4D–F). These cords appeared to be embedded in aggregates of bacteria that did not label with Con A. The structures that labeled with Con A in other regions of the biofilm appeared diffuse and were not easily identified (data not shown). Discussion A bacterial species from an extreme environment rich in toxic compounds was isolated into axenic culture and grown in the laboratory. During the course of these studies, it was observed that the isolate produced atypical growth curves and formed a macroscopic structure tethered to the bottom of the culture tubes. These biofilms were unusual as they did not consist of the typical mucoidal material,

but were made up of well-defined solid structures. Confocal laser scanning microscopy confirmed that these mature structures contained significant NCT-501 zones of physiological Trichostatin A activity. Physical and chemical characterization of the mature biofilms was carried out and is discussed below.

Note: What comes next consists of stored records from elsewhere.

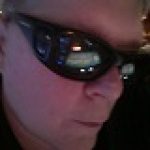 Profile picture of FlushhDraw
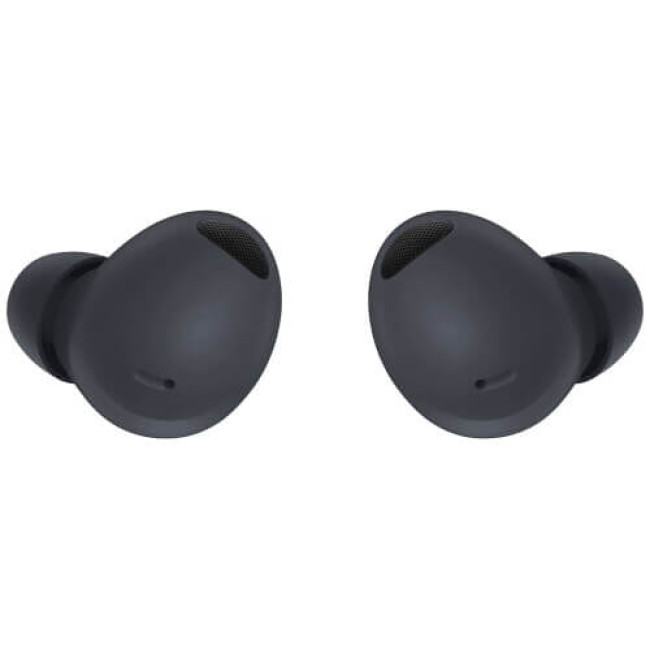 Навушники Samsung Galaxy Buds2 Pro Graphite (SM-R510NZAA)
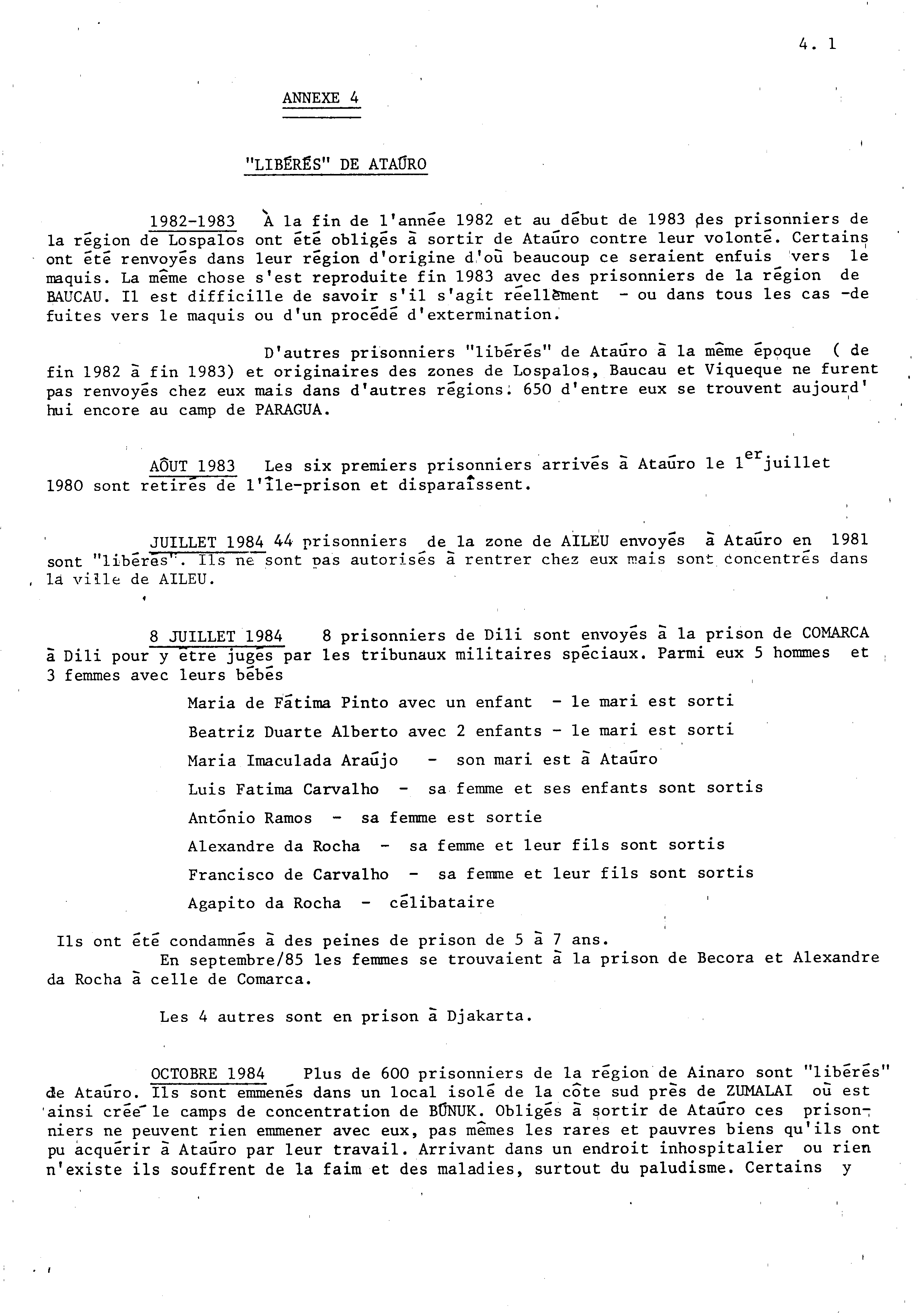 06518.035- pag.15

When examined by light microscopy, bacterial cultures reproducibly contained similar structural motifs that were composed of viable bacteria as well as dead cells and extracellular material. At the macroscopic level, delicate flocculent material of what appeared PF 01367338 to be bacterial aggregates was enveloped by a network of fibers. Smaller fibers branched from this central core in a microscopic analogue to tree branches emanating from a trunk and surrounded by foliage (i.e., the bacterial aggregates). Each culture tube also contained one complex three-dimensional structure that resembled a parachute. At higher magnification using the confocal microscope, the thick fibers in the flocculent material appeared tightly coiled. The tightly coiled structures contained bacteria and had an affinity for fluorescently-labeled concanavalin A (conA).

These results suggest that there are specialized zones within the biofilm consisting of bacteria associated with extracellular proteins. The presence of bacterial aggregates in the biofilm that did not label with con A suggests that at least part of the extracellular material contains glycoproteins. Rapid freezing of biofilms followed by freeze substitution aminophylline and epoxy resin embedding of the specimens enabled examination of thin sections through biofilms that had been minimally disturbed [35, 36]. Cryofixation followed by freeze-substitution has been shown to be a highly effective method for preserving biofilm organization for EM examination [37]. It is well known, however, that freezing can lead to structural artifacts [38] and that highly hydrated structures such as biofilms will collapse to some extent during sample preparation that involves dehydration. These distinct features must be recognized to avoid misinterpretation of the images.